What is being asked:
Return the data exactly, apart from leaving out the pictures.

Material supplied:
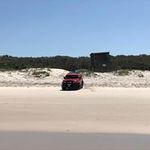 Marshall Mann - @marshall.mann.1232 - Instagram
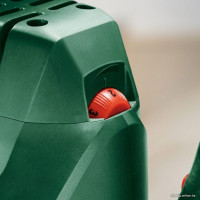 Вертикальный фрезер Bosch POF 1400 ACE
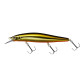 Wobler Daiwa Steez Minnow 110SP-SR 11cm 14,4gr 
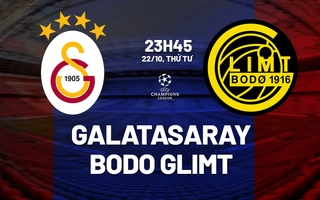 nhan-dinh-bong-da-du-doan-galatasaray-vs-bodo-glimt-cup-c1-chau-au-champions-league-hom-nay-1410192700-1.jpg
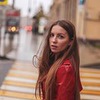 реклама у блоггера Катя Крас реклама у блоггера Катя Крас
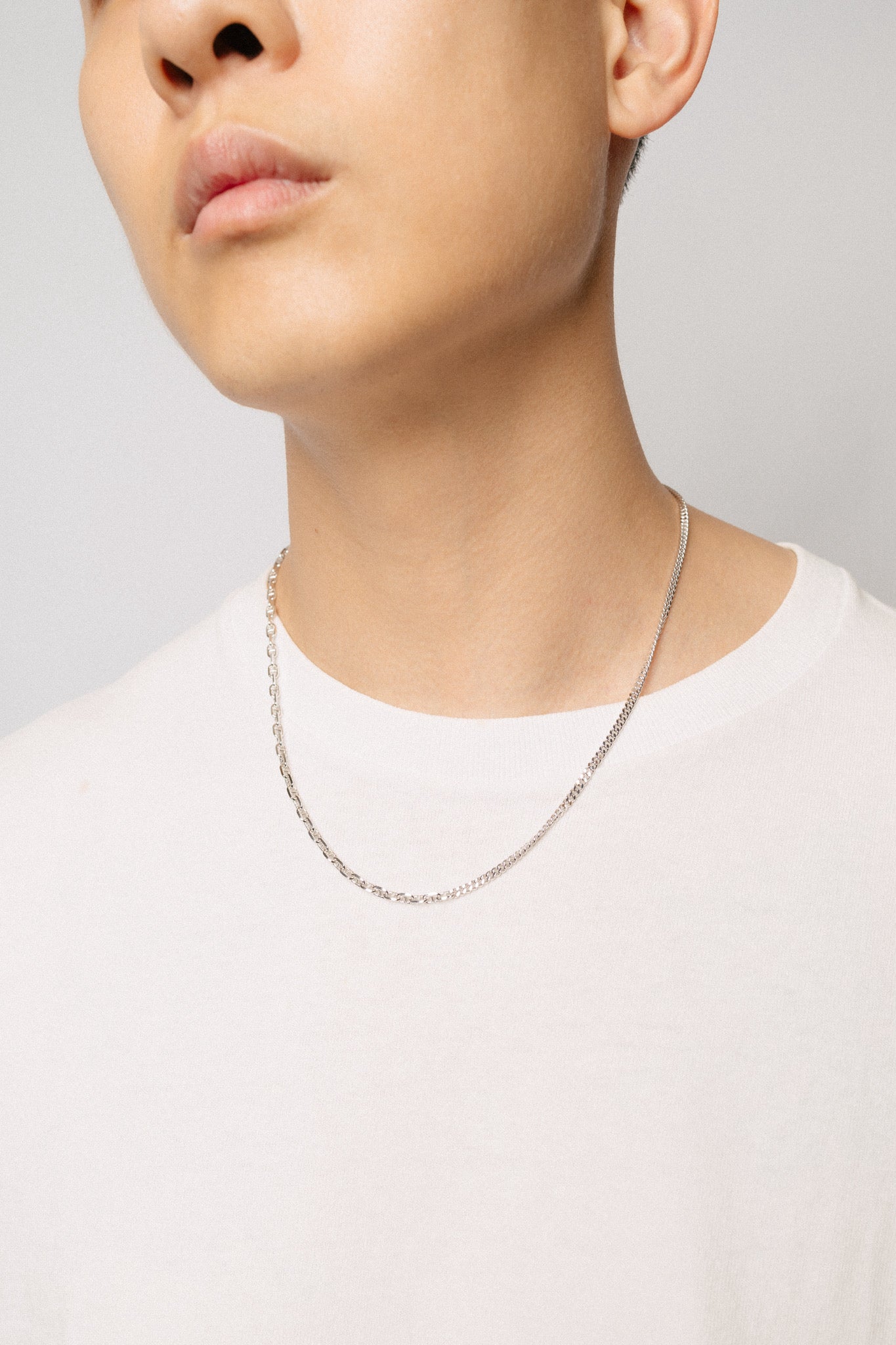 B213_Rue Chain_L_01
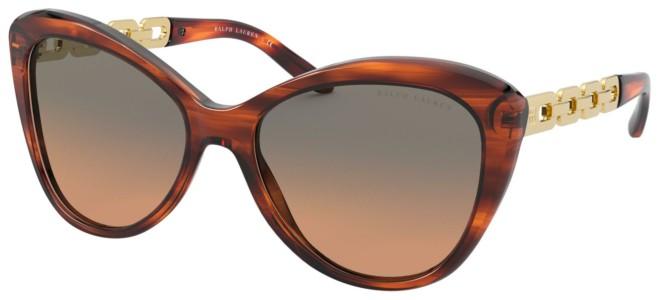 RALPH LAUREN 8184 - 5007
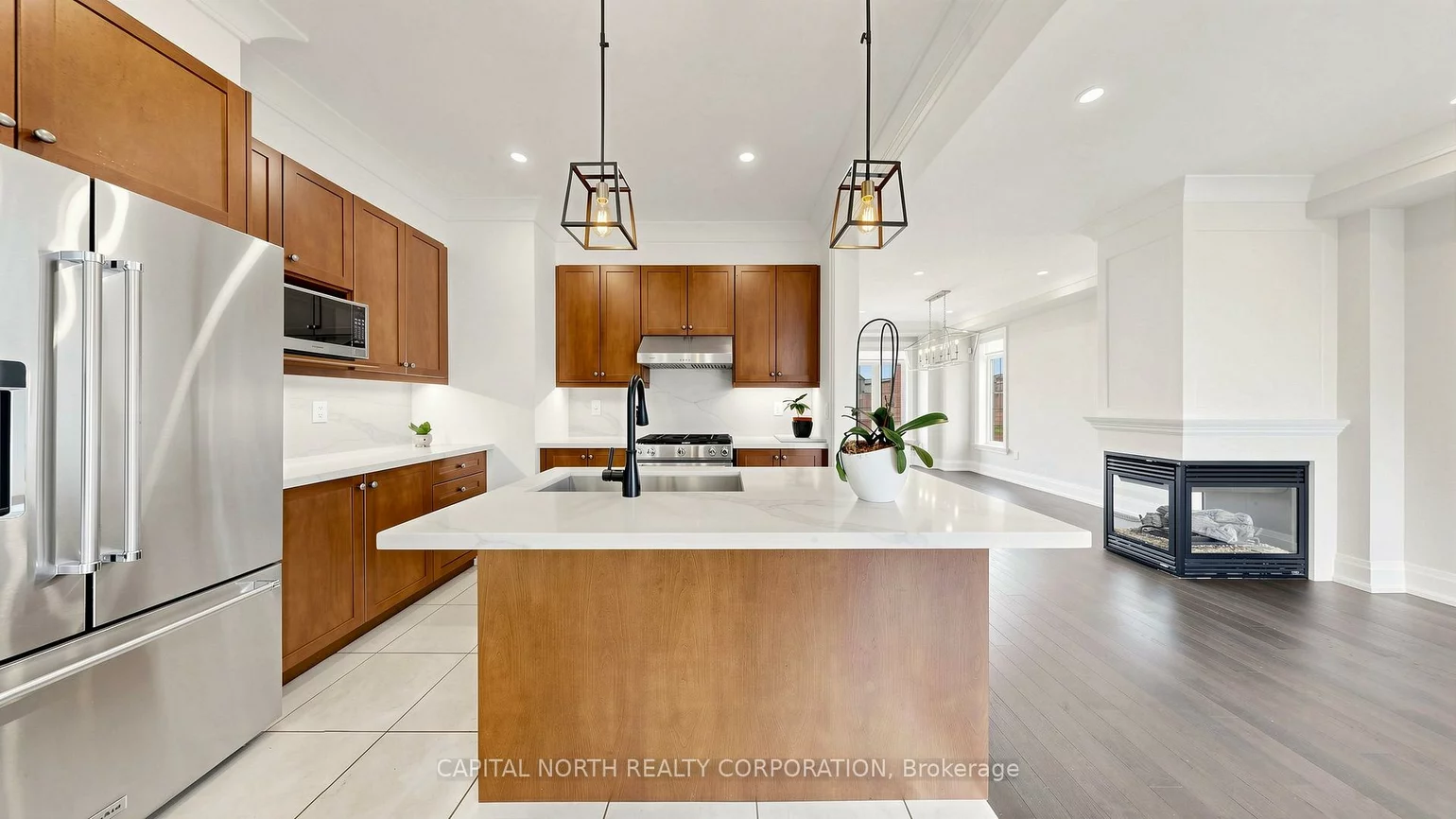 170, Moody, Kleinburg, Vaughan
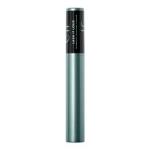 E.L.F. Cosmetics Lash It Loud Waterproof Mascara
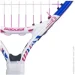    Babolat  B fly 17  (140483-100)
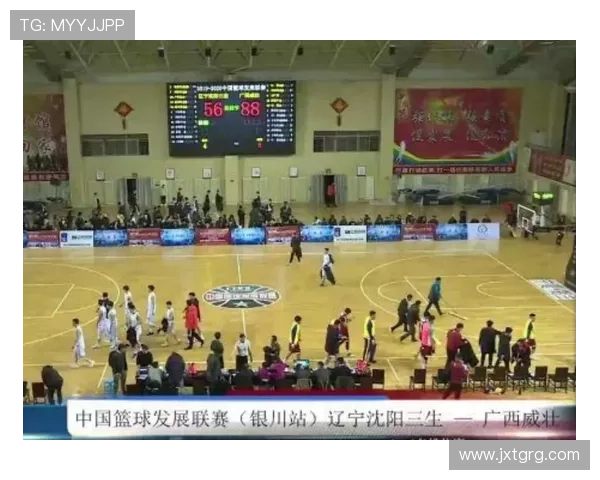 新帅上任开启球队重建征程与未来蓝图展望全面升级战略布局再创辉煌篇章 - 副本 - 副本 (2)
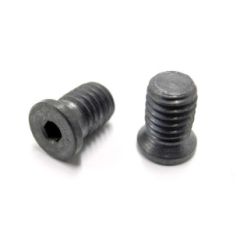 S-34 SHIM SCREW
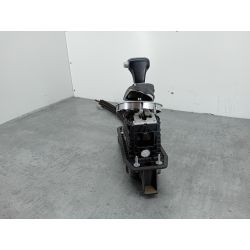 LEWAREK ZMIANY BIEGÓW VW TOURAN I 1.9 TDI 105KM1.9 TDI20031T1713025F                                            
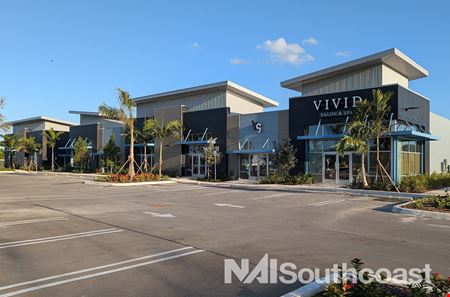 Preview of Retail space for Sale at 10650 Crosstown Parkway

Task output:
 Marshall Mann - @marshall.mann.1232 - Instagram
 Вертикальный фрезер Bosch POF 1400 ACE
 Wobler Daiwa Steez Minnow 110SP-SR 11cm 14,4gr 
 nhan-dinh-bong-da-du-doan-galatasaray-vs-bodo-glimt-cup-c1-chau-au-champions-league-hom-nay-1410192700-1.jpg
 реклама у блоггера Катя Крас реклама у блоггера Катя Крас
 B213_Rue Chain_L_01
 RALPH LAUREN 8184 - 5007
 170, Moody, Kleinburg, Vaughan
 E.L.F. Cosmetics Lash It Loud Waterproof Mascara
    Babolat  B fly 17  (140483-100)
 新帅上任开启球队重建征程与未来蓝图展望全面升级战略布局再创辉煌篇章 - 副本 - 副本 (2)
 S-34 SHIM SCREW
 LEWAREK ZMIANY BIEGÓW VW TOURAN I 1.9 TDI 105KM1.9 TDI20031T1713025F                                            
 Preview of Retail space for Sale at 10650 Crosstown Parkway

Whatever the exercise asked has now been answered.